Humairatul Khairiyah Humairatul Khairiyah
3 Agustus 2020
in Sastra
0
Kim, Ji Yeong
28
VIEWS
Share on FacebookShare on TwitterShare on Whatsapp

Saya meyakini bahwa dalam setiap ketidakadilan pada perempuan, akan selalu ada perempuan yang berani angkat suara–meskipun sangat sedikit. Dalam sejarah bangsa kita, ada begitu banyak contoh perempuan-perempuan pemberani, perempuan-perempuan pendobrak tradisi buruk, perempuan-perempuan cerdas dan peka terhadap ketidakadilan pada kaum perempuan itu sendiri.

Di Jepara, ada Kartini yang berhasil meninggikan derajat kaum perempuan, buah pikirannya dijadikan acuan bagi bangsa ini. Di Minang, ada Rohana Koedoes yang berhasil menyuarakan pendidikan untuk prempuan hingga mendirikan perkumpulan Kerajinan Amai Setia (KAS) di Koto Gadang dan Rohana School.

Sedangkan di Bukittinggi, ada Rasuna Said yang berhasil mendirikan PERMI dan memfokuskan diri pada pendidikan di pelosok-pelosok. Di Sunda, ada Dewi Sartika yang tidak menyukai tradisi dan menyatakan bahwa perempuan tidak boleh bersekolah, hingga akhirnya ia juga mendirikan sebuah sekolah yang bernama Sakola Istri.

Ada begitu banyak contoh tentang perempuan-perempuan berani yang tidak membiarkan dirinya terpojok seperti yang diinginkan orang, adat dan tradisi yang dianut. Jika itu memang buruk, mereka tidak akan segan-segan untuk melawannya.

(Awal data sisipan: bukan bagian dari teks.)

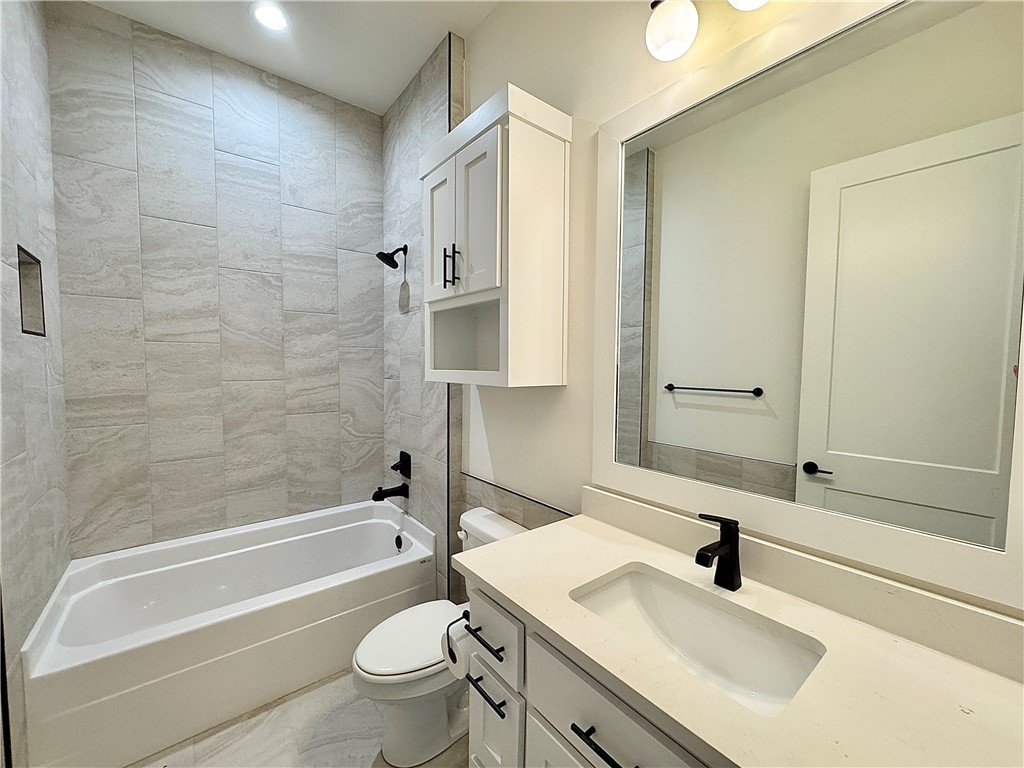 Aurora Heartbeat - Residential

Dalam fiksi, hal itu juga terjadi. Selalu ada perempuan-perempuan pemberani yang menyuarakan suara-suara  perempuan yang tidak berani bersuara. Seperti novel The Pearl That Broke its’ Shell karya Nadia Hashimi, perempuan pemberani itu ditemukan dalam sosok Khala Shaima, Bibi si tokoh utama, Rahima.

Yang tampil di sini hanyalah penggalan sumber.